FLAG Peptide TFA salt

FLAG peptide is an eight amino acids peptide (Asp-Tyr-Lys-Asp-Asp-Asp-Asp-Lys) with an enterokinase-cleavage site; designed for antibody-mediated identification and purification of recombinant proteins.

Signaling Pathways >> Others >> Others

Research Areas >> Inflammation/Immunology

Peptides

Fusion protein technology has become an important tool for solving numerous problems linked to recombinant protein production.
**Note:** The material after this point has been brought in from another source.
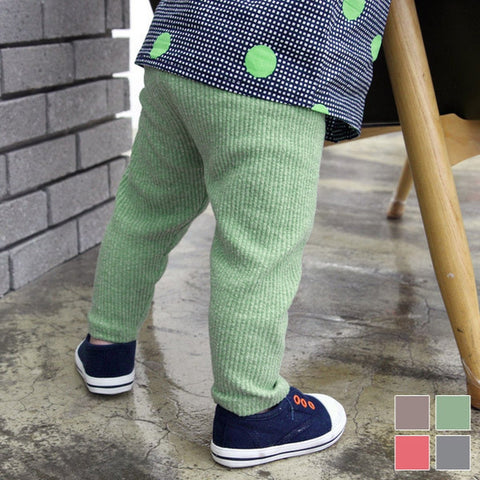 Agibaby Kkakkungnoriter Boys & Girls Baby Cotton Corduroy Leggings Made in South Korea
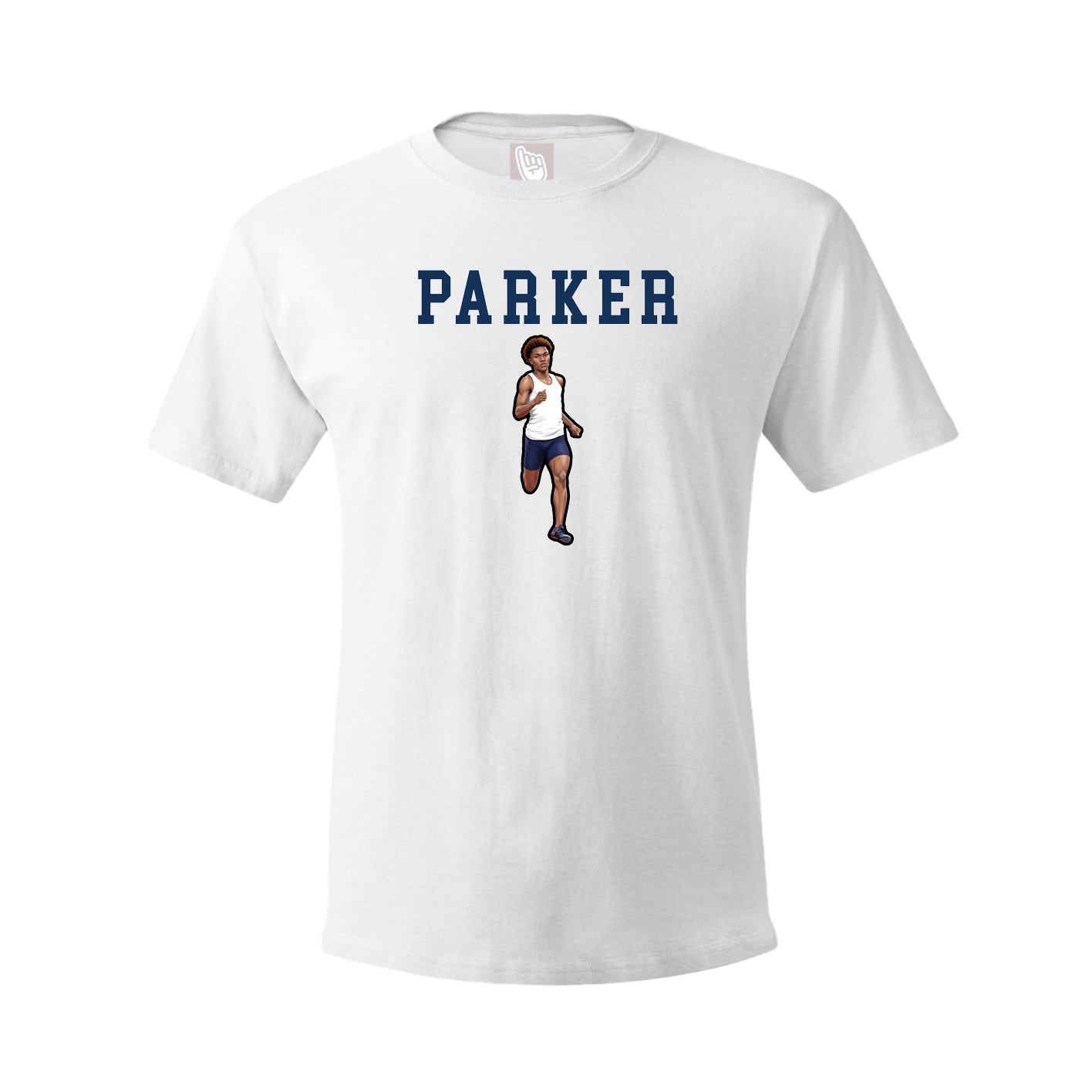 Youth Tee — Shirsey in White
The properties of the additional tag facilitate identification and provide a one-step purification procedure of the fusion protein by passing cell extracts or supernatants through columns of an appropriate matrix. FLAG peptide allows elution under non-denaturing conditions. Several antibodies against FLAG peptide have been developed. One antibody, M1, binds the peptide in the presence of bivalent metal cations, preferably Ca2+. Elution is effected by chelating agents. Another strategy is competitive elution with excess of free FLAGe peptide. Antibodies M2 and M5 are applied in this procedure[1]. The Flag-tag is first described as a calcium-dependent epitope of a monoclonal antibody. It is a highly acidic octapeptide which can be N-terminally fused to the protein of interest. As a very hydrophilic peptide the Flag–tag has a high surface probability. Flag-fusion proteins can be captured by an immunoaffinity column in the presence of Ca2+ and eluted byEDTA at low concentrations, neutral pH and thus, nearly physiological conditions[2].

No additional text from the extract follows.